* [Task statement] Write out again, exactly, the lines below starting at the one with "Now, go back" and ending at the one with "When the accused".

* [Entries provided]

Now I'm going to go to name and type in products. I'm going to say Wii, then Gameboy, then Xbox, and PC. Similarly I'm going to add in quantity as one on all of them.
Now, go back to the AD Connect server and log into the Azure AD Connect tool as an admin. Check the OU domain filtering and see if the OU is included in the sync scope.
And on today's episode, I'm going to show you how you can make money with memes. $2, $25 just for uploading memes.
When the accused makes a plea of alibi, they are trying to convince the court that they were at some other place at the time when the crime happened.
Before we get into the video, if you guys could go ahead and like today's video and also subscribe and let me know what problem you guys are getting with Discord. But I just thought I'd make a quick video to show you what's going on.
--
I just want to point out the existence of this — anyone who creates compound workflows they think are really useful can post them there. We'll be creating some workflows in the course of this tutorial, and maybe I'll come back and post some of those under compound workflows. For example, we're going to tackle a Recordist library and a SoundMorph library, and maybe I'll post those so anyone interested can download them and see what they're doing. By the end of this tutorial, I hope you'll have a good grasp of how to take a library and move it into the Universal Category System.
...
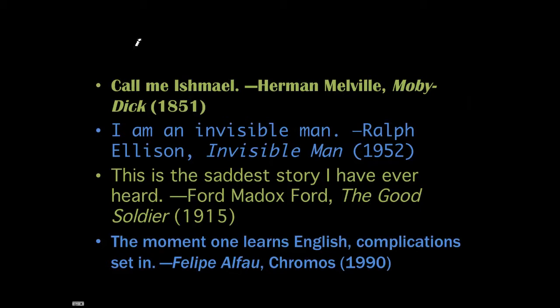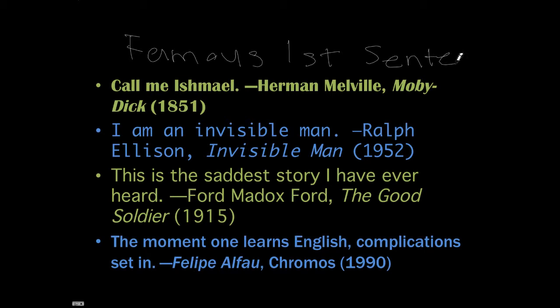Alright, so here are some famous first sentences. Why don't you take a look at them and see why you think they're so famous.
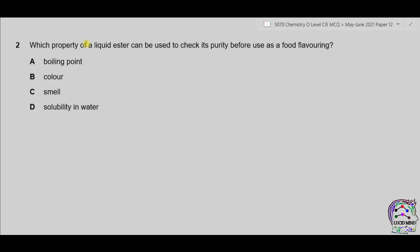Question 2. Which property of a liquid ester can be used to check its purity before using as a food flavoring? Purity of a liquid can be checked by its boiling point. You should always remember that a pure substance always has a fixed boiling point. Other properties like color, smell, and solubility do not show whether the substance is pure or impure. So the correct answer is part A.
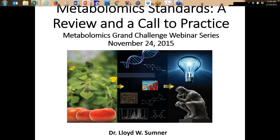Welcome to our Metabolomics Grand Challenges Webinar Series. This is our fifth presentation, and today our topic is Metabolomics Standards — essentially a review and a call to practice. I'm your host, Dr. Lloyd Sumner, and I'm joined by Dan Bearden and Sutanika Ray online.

* [Problem solution]
Now, go back to the AD Connect server and log into the Azure AD Connect tool as an admin. Check the OU domain filtering and see if the OU is included in the sync scope.
And on today's episode, I'm going to show you how you can make money with memes. $2, $25 just for uploading memes.
When the accused makes a plea of alibi, they are trying to convince the court that they were at some other place at the time when the crime happened.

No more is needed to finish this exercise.